Slow Food Seattle maintains one of the six Presidia ever established in the USA. For the past eight years our Makah Ozette Potato Presidia (MOP) has been working to bring this unique product to the table. They are now consistently found in northwest farmers and specialty food markets in season.
The history of MOP: it arrived in Neah Bay directly from South America with the Spaniards in 1791. It was found by the Makah people the next year when the Spaniards abandoned their fort and left remnants of MOP. It was then grown and consumed by the Makah for nearly 200 years before being recognized in about 1980. Slow Food recognized it in early 2000 by putting it on the Ark of Taste and later made it a Presidium. (a community partnership that brings special products to the table).
This story has been blended into the Slow Food School Garden Initiative making the MOP an ideal product that grabs children’s attention, adding unique depth to their gardening experience. Our board member Philip Lee introduced the MOP to school garden advocates two years ago and it became a big hit. Now there are about twelve schools in the greater Seattle area with MOP in their gardens and its history in – or coming to – their curricula.
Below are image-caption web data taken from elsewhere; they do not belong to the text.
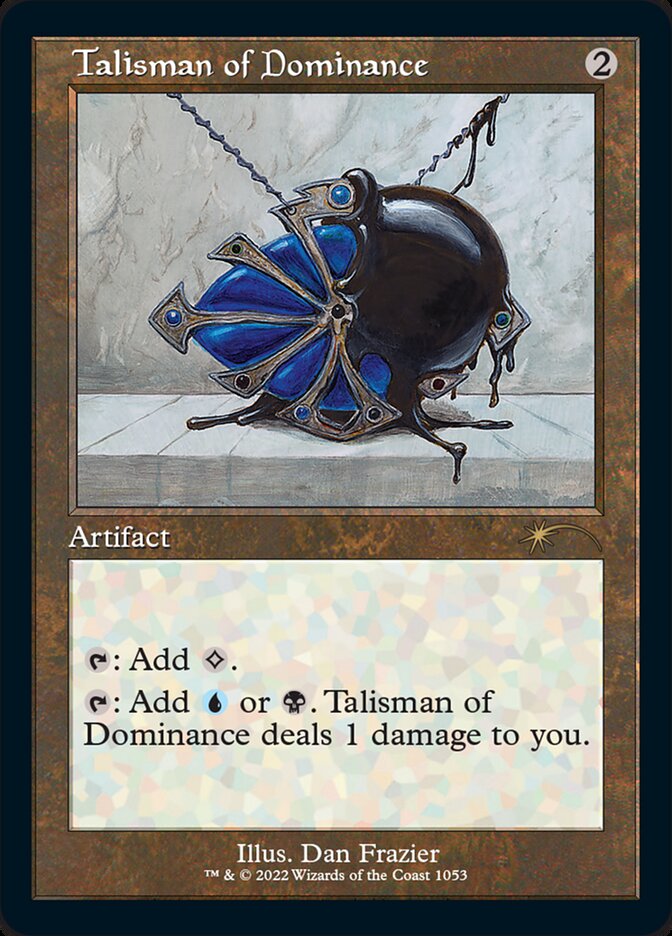 Talisman of Dominance (1053) - Secret Lair Drop (SLD)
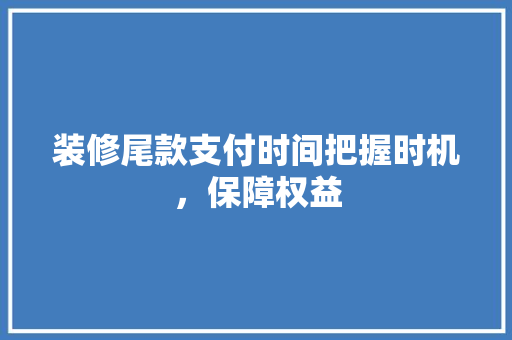装修尾款支付时间把握时机，保障权益
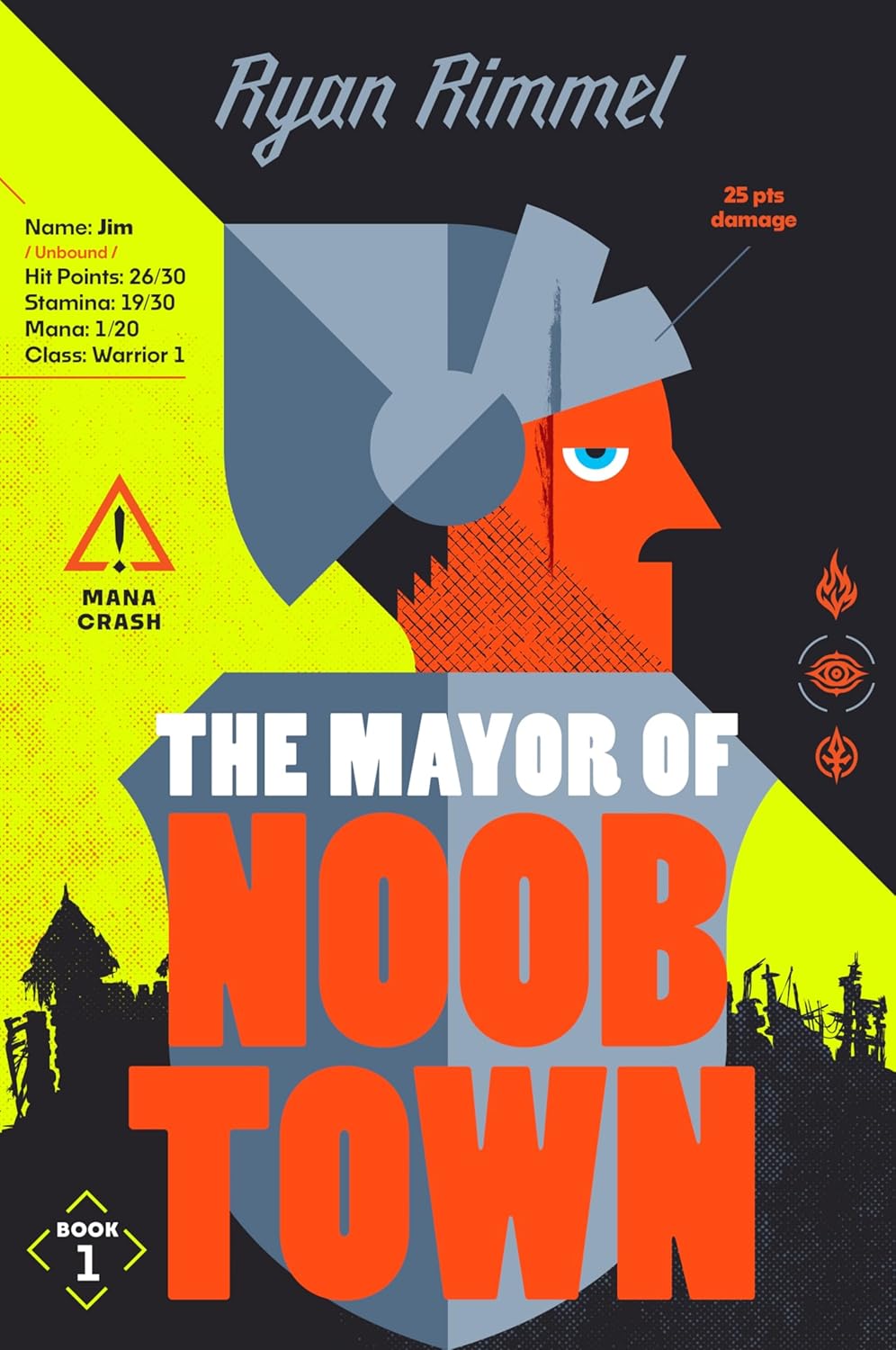 The Mayor Noobtown – By Ryan&nbsp;Rimmel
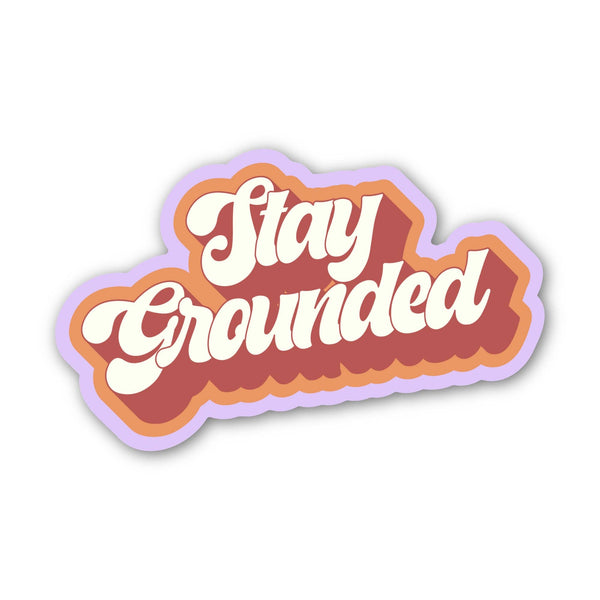 Stay Grounded Motivational Text Sticker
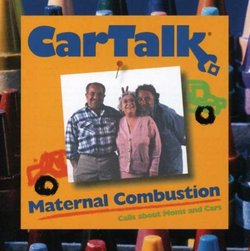 CAR TALK: MATERNAL COMBUSTION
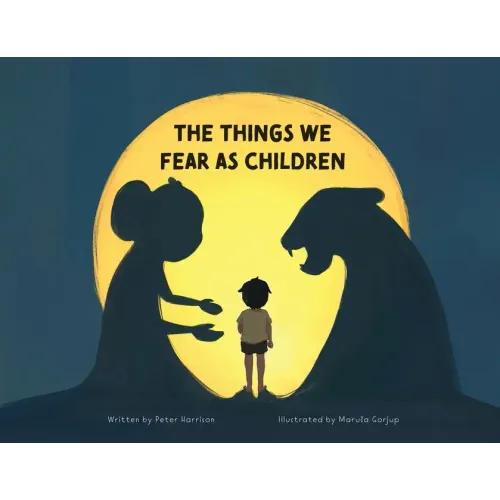 The Things We Fear as Children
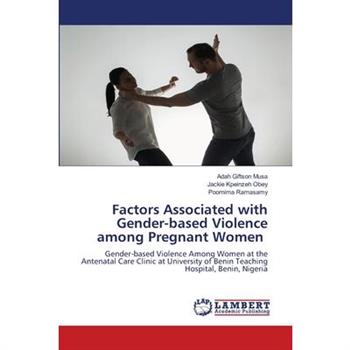 Factors Associated with Gender-based Violence among Pregnant Women
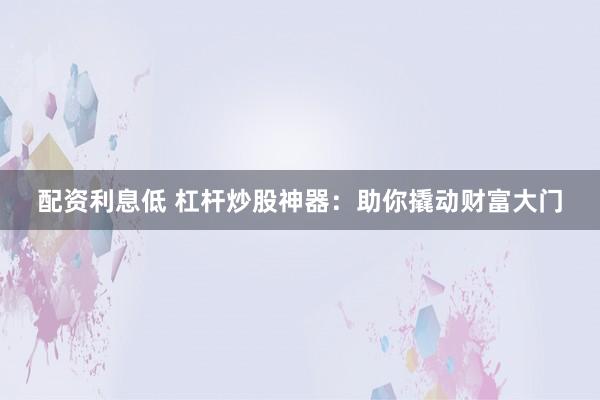 配资利息低 杠杆炒股神器：助你撬动财富大门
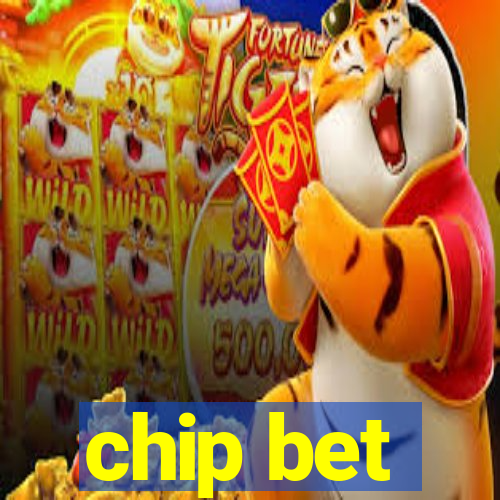 chip bet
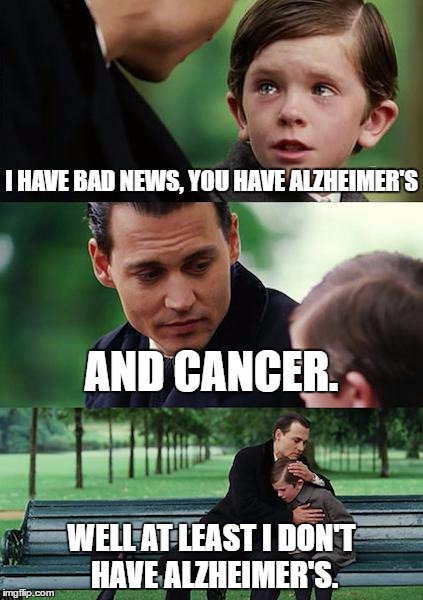 Finding Neverland Meme | I HAVE BAD NEWS, YOU HAVE ALZHEIMER'S; AND CANCER. WELL AT LEAST I DON'T HAVE ALZHEIMER'S. | image tagged in memes,finding neverland | made w/ Imgflip meme maker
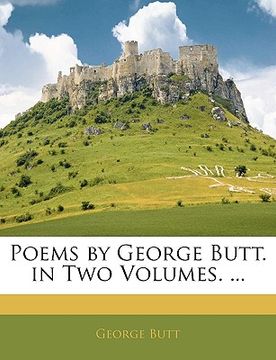 portada poems by george butt. in two volumes. ... (en Inglés)
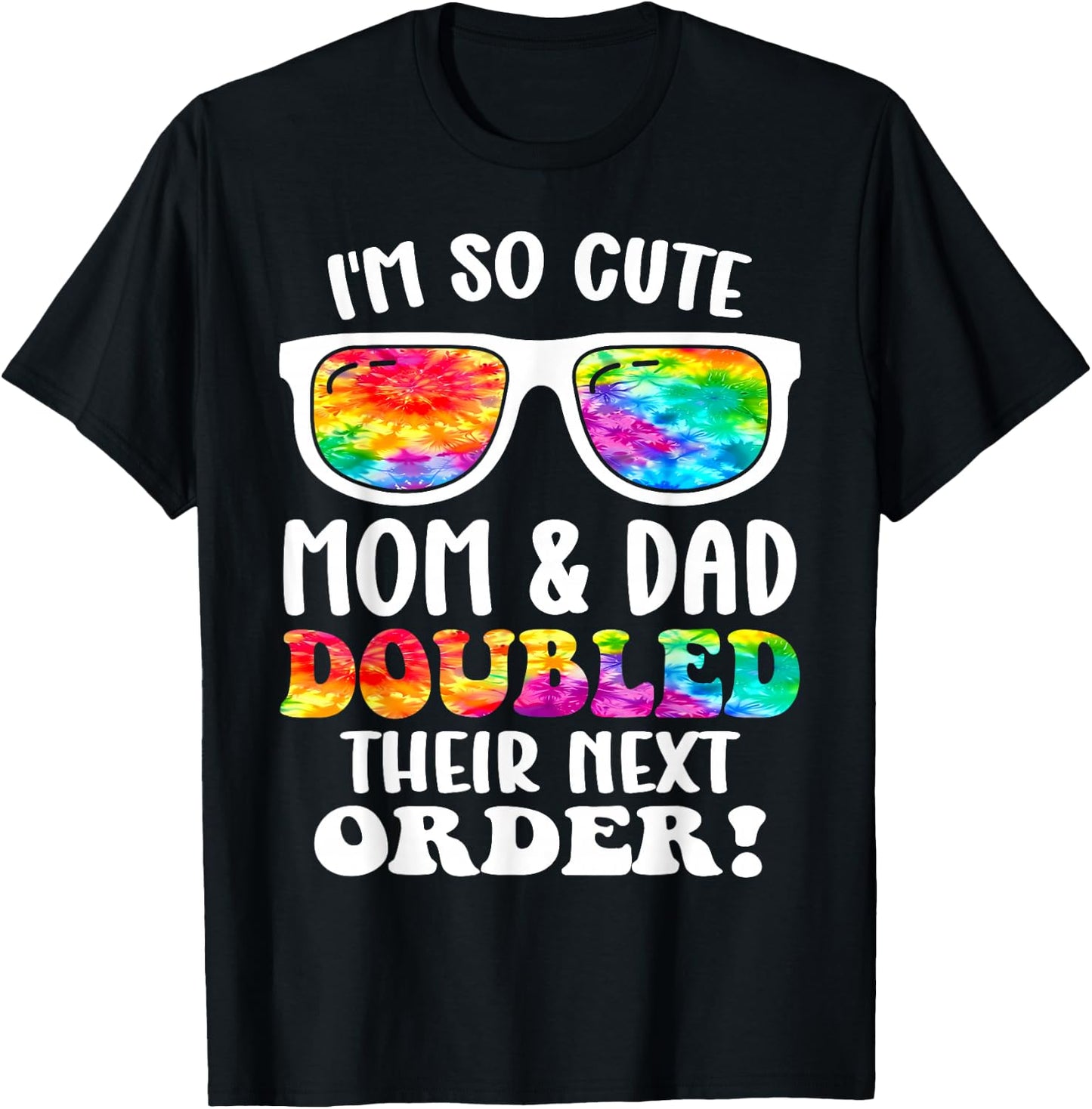 I'm So Cute Mom And Dad Doubled Their Next Order Twins Funny T-Shirt - T-Shirt | Black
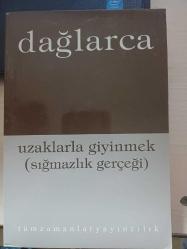 Uzaklarla Giyinmek (Sığmazlık Gerçeği)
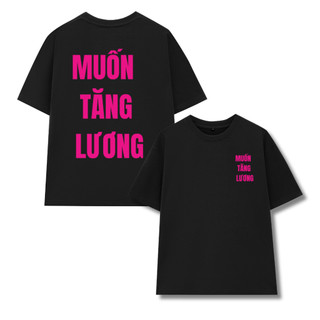 Áo thun MUỐN TĂNG LƯƠNG hot, áo phông unisex nam nữ form rộng tay lỡ chất thun mềm mịn mỏng nhẹ co dãn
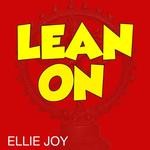 cover: Ellie Joy - Lean On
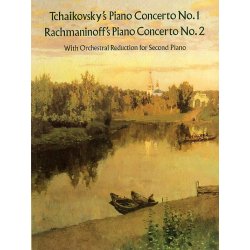 Tchaikovsky: Piano Concerto No.1/Rachmaninov: Piano Concerto No.2 (2 Piano Score)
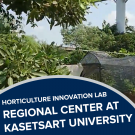 "horticulture innovation lab regional center tour, kasetsart university" text over photo of the regional center demo site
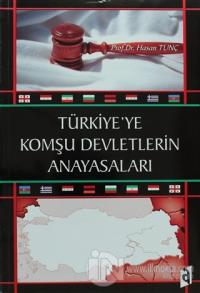 Türkiye'ye Komşu Devletlerin Anayasaları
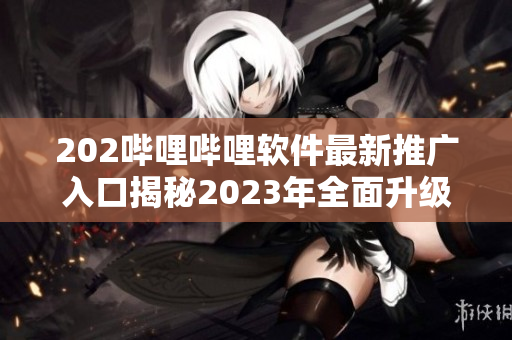 202嗶哩嗶哩軟件最新推廣入口揭秘2023年全面升級(jí)，獨(dú)家功能大揭秘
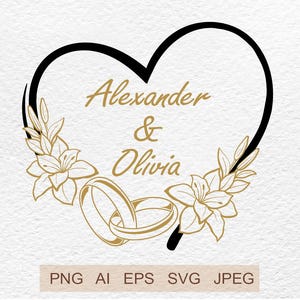 May include: A black heart-shaped design with the names "Alexander & Olivia" in gold script. Gold wedding rings and floral accents are featured within the heart. The bottom of the image includes file type options: PNG, AI, EPS, SVG, and JPEG.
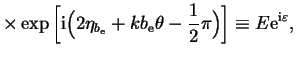$\displaystyle \times\exp\bigg[ \ir\Big(2\eta_{b_\er}+kb_\er\theta-\frac{1}{2}\pi\Big) \bigg]\equiv
E\er^{\ir\varepsilon},$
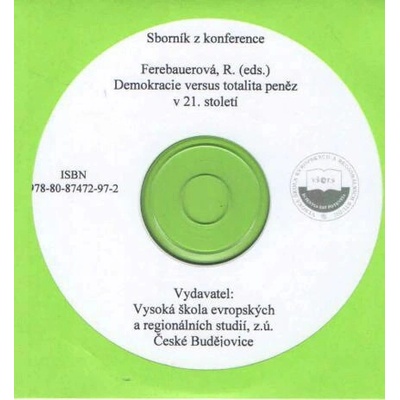 Demokracie versus totalita peněz v 21. století - CD (Sborník z koference)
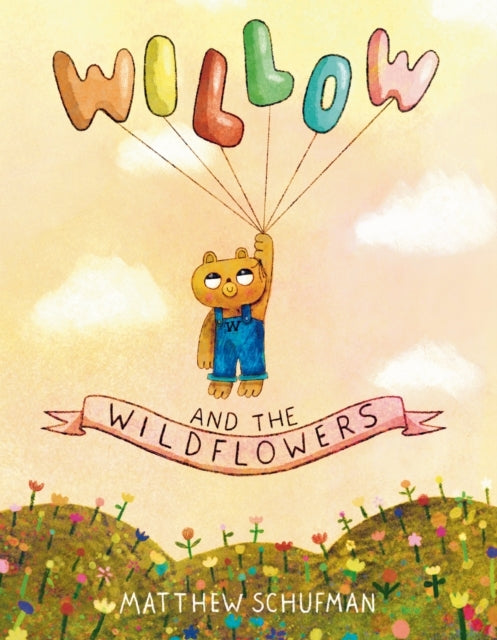 Willow And The Wildflowers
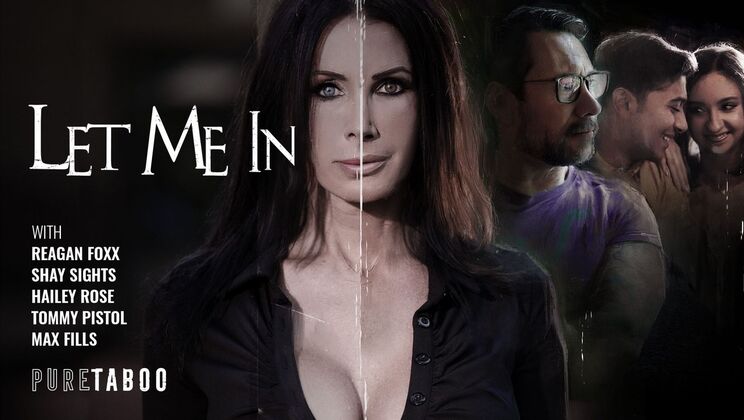 [PureTaboo] - Allow Me Inside - Reagan Foxx - Tommy Pistol - Shay Sights - Hailey Rose - Max Fills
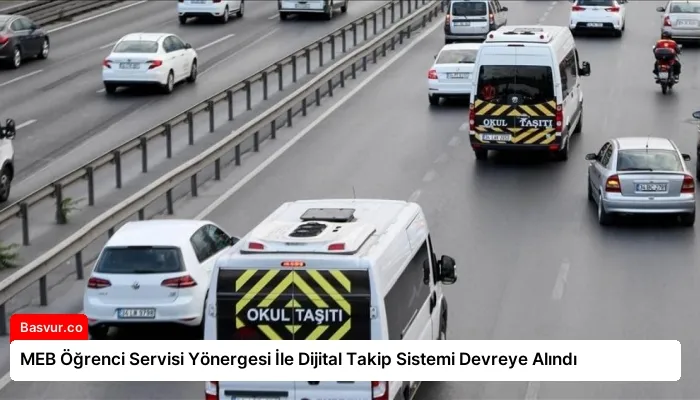 MEB Öğrenci Servisi Yönergesi İle Dijital Takip Sistemi Devreye Alındı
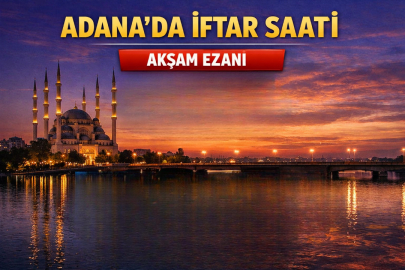 Adana’da iftar saat kaçta? 17 Mart 2026 Salı Adana iftar vakti ve iftara kaç dakika kaldı?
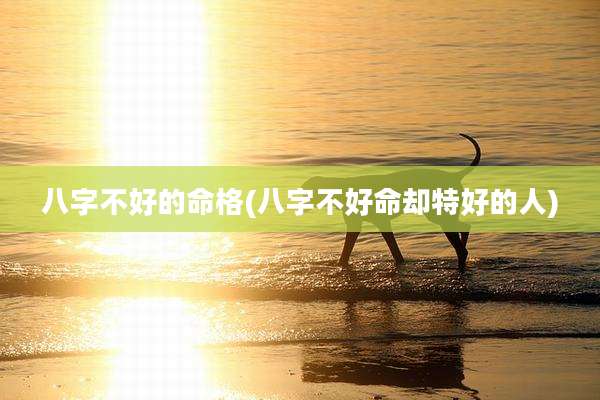 八字不好的命格(八字不好命却特好的人)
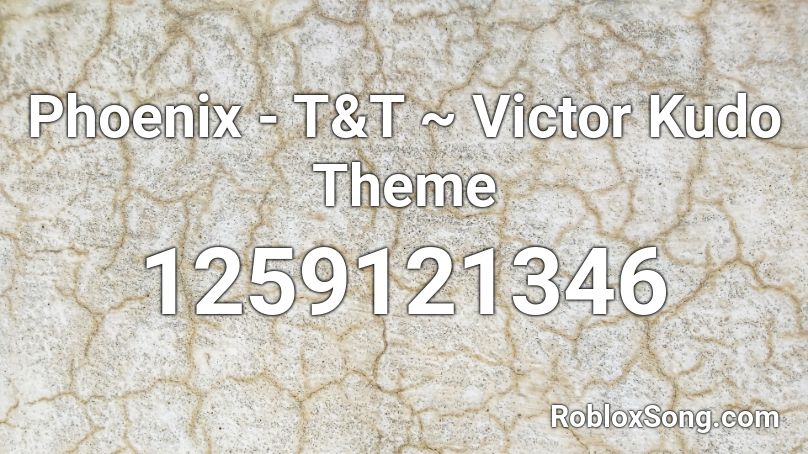 Phoenix  - T&T ~ Victor Kudo Theme Roblox ID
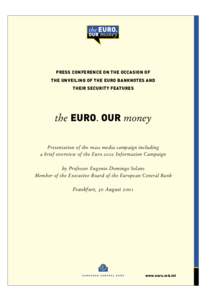 PRESS CONFERENCE ON THE OCCASION OF THE UNVEILING OF THE EURO BANKNOTES AND THEIR SECURITY FEATURES the EURO. OUR money Presentation of the mass media campaign including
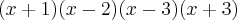 (x+1)(x-2)(x-3)(x+3) (x+1)(x-2)(x-3)(x+3)
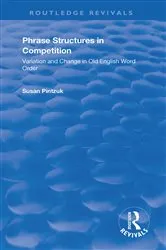 Book cover of Phrase Structures in Competition by Susan Pintzuk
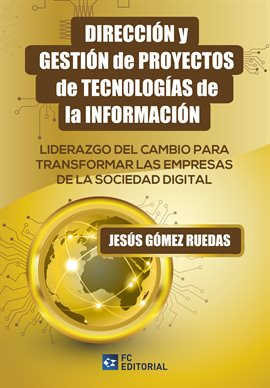 Cover image for Dirección y gestión de proyectos de tecnologías de la información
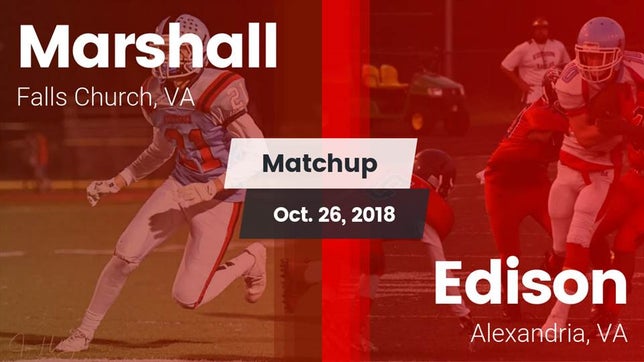 Watch this highlight video of the Marshall (Falls Church, VA) football team in its game Matchup: Marshall  vs. Edison  2018 on Oct 26, 2018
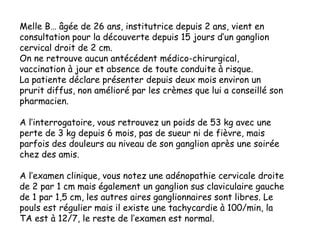 Melle B… âgée de 26 ans, institutrice depuis 2 ans, vient en
consultation pour la découverte depuis 15 jours d’un ganglion
cervical droit de 2 cm.
On ne retrouve aucun antécédent médico-chirurgical,
vaccination à jour et absence de toute conduite à risque.
La patiente déclare présenter depuis deux mois environ un
prurit diffus, non amélioré par les crèmes que lui a conseillé son
pharmacien.
A l’interrogatoire, vous retrouvez un poids de 53 kg avec une
perte de 3 kg depuis 6 mois, pas de sueur ni de fièvre, mais
parfois des douleurs au niveau de son ganglion après une soirée
chez des amis.
A l’examen clinique, vous notez une adénopathie cervicale droite
de 2 par 1 cm mais également un ganglion sus claviculaire gauche
de 1 par 1,5 cm, les autres aires ganglionnaires sont libres. Le
pouls est régulier mais il existe une tachycardie à 100/min, la
TA est à 12/7, le reste de l’examen est normal.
This year, based on the enthusiasm generated by Philip’s efforts, Gerry Warren, the Presidium coordinator, contacted Andrew Nowak, the director of SFUSA’s national School Garden program in Denver, to connect him with Pure Potato, our seed growing partner in the Presidium. Andrew and his crew have sent MOP seed and literature to more than 60 school garden programs around the nation. This program will undoubtedly grow and perhaps even foster discussion and interest in MOP at the students’ family tables. This approach will certainly help with the Presidium objective of getting MOPs enjoyed at more tables.